Cyber security center in Israel
With Adallom, Microsoft is looking to find a solution for the security problem, which is a concern for many firms in the wake of rising use of phones, tablets and laptops. The tech firm is expected to open a full-fledged cyber security center in Israel after the acquisition of Adallom, says the report.
Adallom was set up in 2012 by CEO Adam Rappaport, Ami Luttwak and Roy Reznik. The firm raised $49.5m in capital till date, and got funding from the investors such as Rembrandt Fund, Sequoia Capital and Index Ventures.
Three months ago, the firm raised $30m including an investment by HP, making it its first ever investment in an Israel-based start-up. Adallom has set its headquarter California with its Israel development center in Tel Aviv’s Ramat Hahayal.
Rappaport, in a past interview, said that the protection layer for the enterprise information is not safe as it can be accessed by users in remote server farmers. In order to address this concern, Adallom came up with a solution that offers a layer securing the application and the info stored in the remote server.
An alert is sent in case of a security breach or when an inconsistent use is identified. Back in December 2013, Adallom gained popularity after it exposed the loophole in the security server of Microsoft 365. The firm has a headcount of 80 with 50 at its development center in Ramat.

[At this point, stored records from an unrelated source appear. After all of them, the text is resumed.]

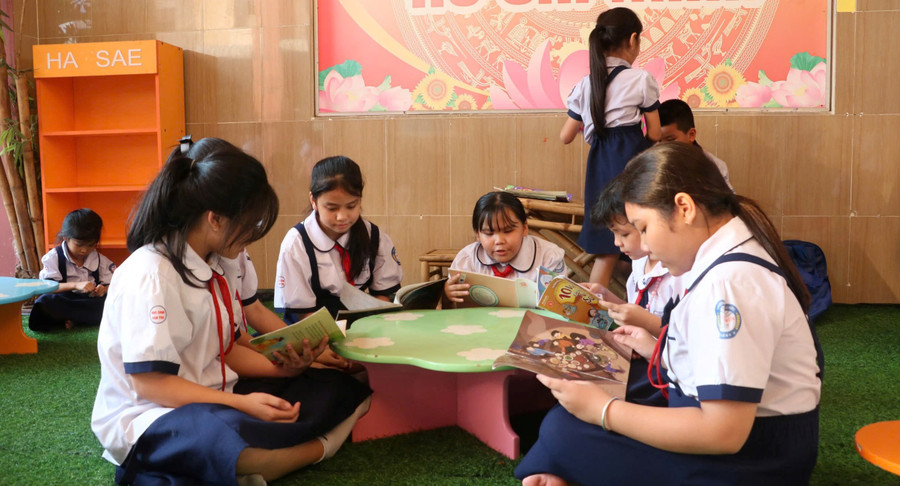 Học sinh Trường Tiểu học Nguyễn Văn Trỗi tại khu vực đọc sách sau khi kết thúc giờ học. Ảnh: TT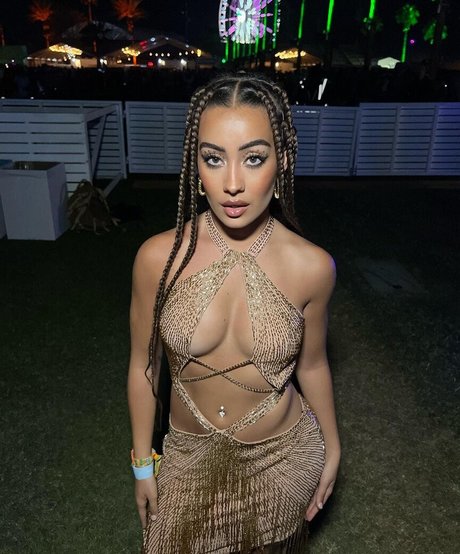 Marina Rivers model art gallery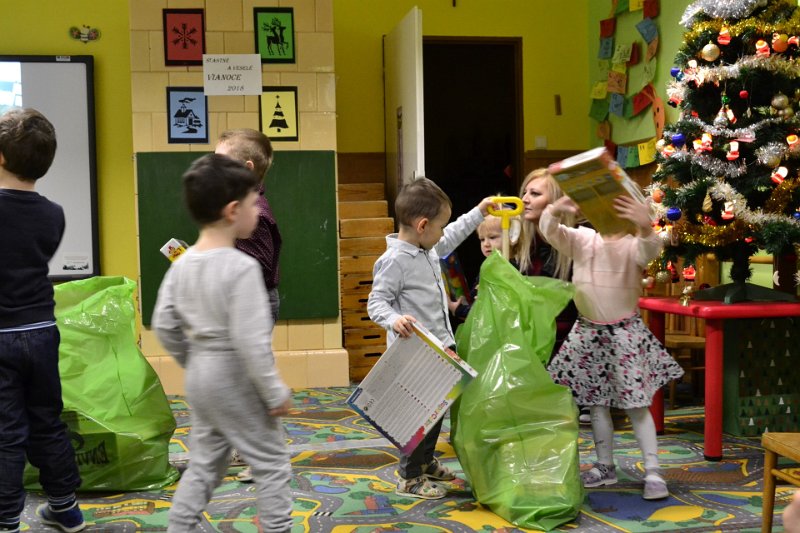 Vianoce-besiedka 21.JPG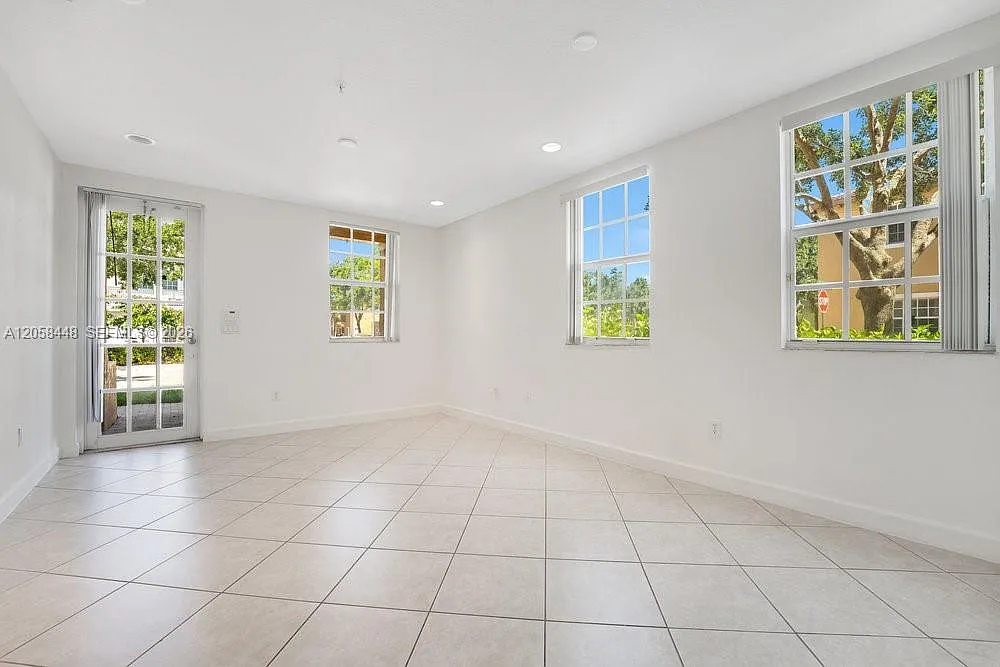 Cobblestone Condo — Photo 4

Microsoft fond of Israeli Start-ups
Microsoft has been buying up many firms in the cloud tech world in recent months in order to bolster a business it it currently in second in. Amazon.com Inc. is the clear leader in the cloud space and Microsoft is trying to bolster its patent and tech portfolio as it fights with that firm for business.
Microsoft announced that it bought FieldOne last week. The firm makes software that allows organizations to securely and easily send the right info to those working in the field.
Microsoft’s constant spending in the world of enterprise software and the cloud exist in grave contrast to recent moves in the firm’s hardware business. The firm has begun laying off most of the remaining staff it took on with its buyout of Nokia.
In its earnings report, which is due after the market closes on Tuesday, the firm will record a $7.6bn loss on the write-down of that business after a failure to pick up new business drove the value of the segment below zero.
On Friday, Microsoft shares closed down 0.13% at $46.62, and year to date the stock is down just 1% while in the last one year, it is up over 4%. The stock has a 52-week low of $40.12 and a 52-week high of $50.04.